Il importe, en outre, de bien définir les
œuvres pour lesquelles les forces catholiques se doivent dépenser avec toute
énergie et constance. Ces œuvres doivent être d'une importance si évidente,
répondre de telle sorte aux besoins de la société actuelle, s'adapter si bien
aux intérêts moraux et matériels, surtout ceux du peuple et des classes
déshéritées, que, tout en excitant la meilleure activité chez les promoteurs de
l'action catholique pour les résultats importants et certains qu'elles font
espérer d'elles-mêmes, elles soient aussi par tous facilement comprises et
volontiers accueillies.
Précisément parce que les graves problèmes
de la vie sociale d'aujourd'hui exigent une solution prompte et sûre, tout le
monde a le plus vif intérêt à savoir et connaître les divers modes sous
lesquels ces solutions se présentent en pratique. Les discussions dans un sens
ou dans l'autre se multiplient de plus en plus et se répandent facilement au
moyen de la presse. Il est donc souverainement nécessaire que l'action
catholique saisisse le moment opportun, marche en avant avec courage, propose
elle aussi sa solution et la fasse valoir par une propagande ferme, active,
intelligente, disciplinée, capable de s'opposer directement à la propagande
adverse.
La bonté et la justice des principes
chrétiens, la droite morale que professent les catholiques, leur entier
désintéressement pour ce qui leur est personnel, la franchise et la sincérité
avec laquelle ils recherchent uniquement le vrai, le solide, le suprême bien
d'autrui, enfin leur évidente aptitude à servir mieux encore que les autres les
vrais intérêts économiques du peuple, tout cela ne peut manquer de faire
impression sur l'esprit et le cœur de tous ceux qui les écoutent, d'en grossir
les rangs de manière à faire d'eux un corps solide et compact, capable de
résister vigoureusement au courant contraire et de tenir les adversaires en
respect.
Ce besoin suprême, Notre prédécesseur Léon
XIII, de sainte mémoire, le perçut pleinement en indiquant, surtout dans la
mémorable Encyclique Rerum Novarum et dans d'autres documents postérieurs,
l'objet autour duquel doit principalement se déployer l'action catholique, à
savoir la solution pratique de la question sociale selon les principes chrétiens.

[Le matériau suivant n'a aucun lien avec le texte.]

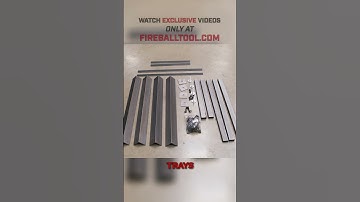 DIY Fixture Table Kit: The Best For Beginners?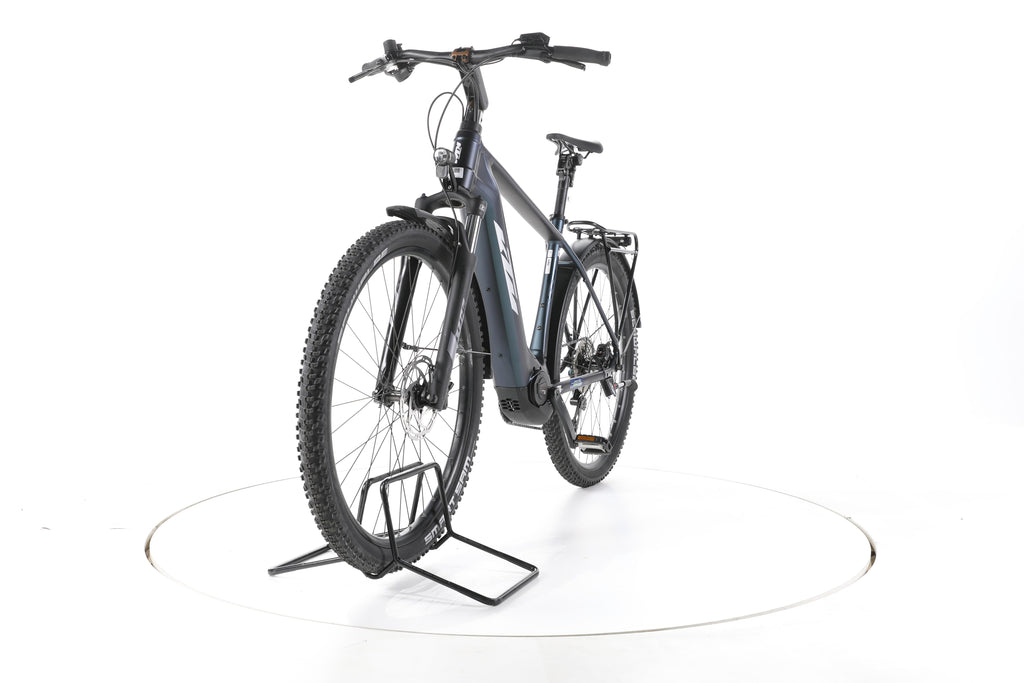 KTM Macina Gran 720 Trekking E-Bike - Image 5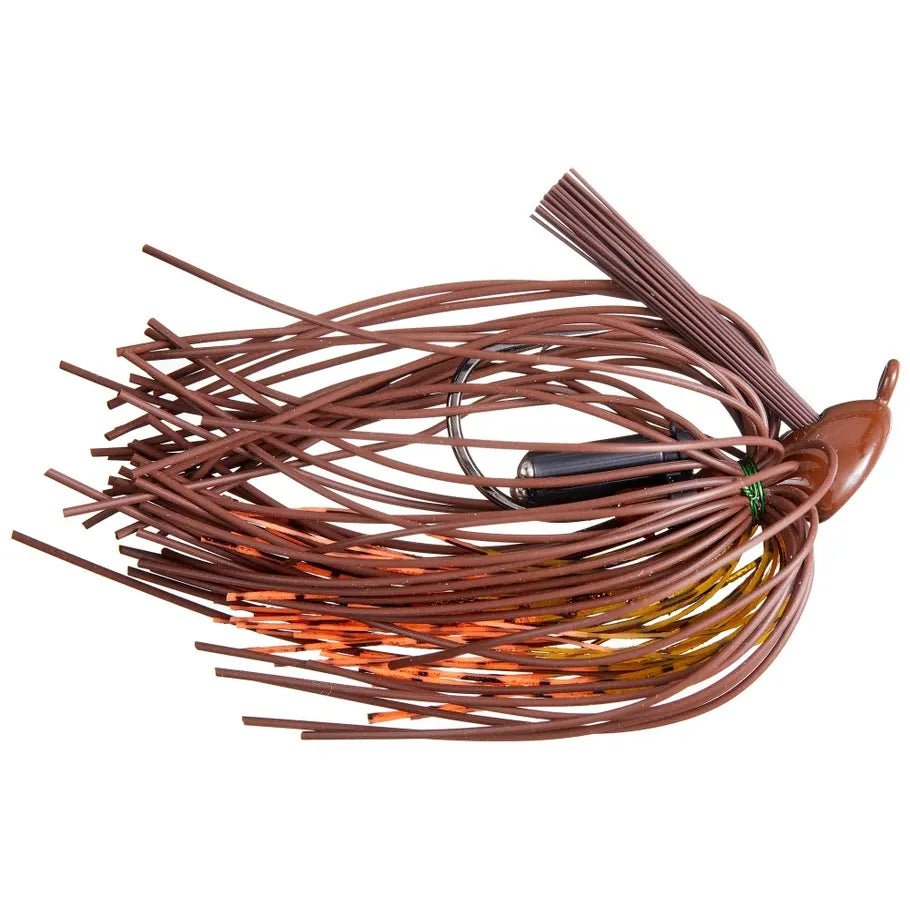 Buckeye Lures Mop Jigs - Tackle Shack TX
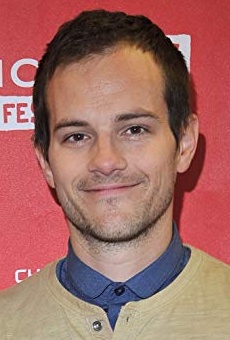 Películas de Steve Hoover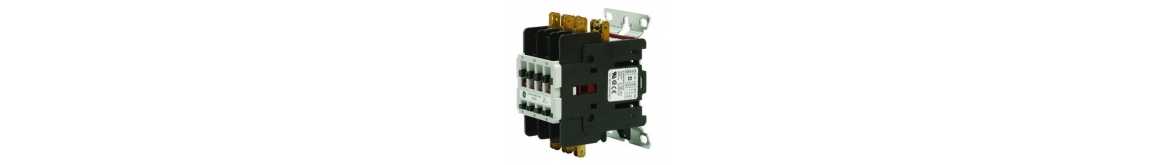 DEFINITE PURPOSE CONTACTOR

Et Nous-même, suivant ces règles si sages, Nous avons, dans Notre Motu proprio
du 18 décembre 1903, donné à l'action populaire chrétienne, qui comprend en
elle tout le mouvement catholique social, une constitution fondamentale qui pût
être comme la règle pratique du travail commun et le lien de la concorde et de
la charité. Sur ce terrain donc, et dans ce but très saint et très nécessaire,
doivent avant tout se grouper et s'affermir les œuvres catholiques, variées et
multiples de forme, mais toutes également destinées à promouvoir efficacement
le même bien social.
Mais pour que cette action sociale se
maintienne et prospère avec la nécessaire cohésion des œuvres diverses qui la
composent, il importe par-dessus tout que les catholiques observent entre eux
une concorde exemplaire; et, par ailleurs, on ne l'obtiendra jamais s'il n'y a
en tous unité de vues. Sur une telle nécessité il ne peut y avoir aucune sorte
de doute, tant sont clairs et évidents les enseignements donnés par cette
Chaire apostolique, tant est vive la lumière qu'ont répandue, sur ce sujet, par
leurs écrits, les plus remarquables catholiques de tous les pays, tant est
louable l'exemple - plusieurs fois proposé par Nous-même - des catholiques
d'autres nations, qui, précisément par cette concorde et unité de vues, ont, en
peu de temps, obtenu des fruits féconds et très consolants !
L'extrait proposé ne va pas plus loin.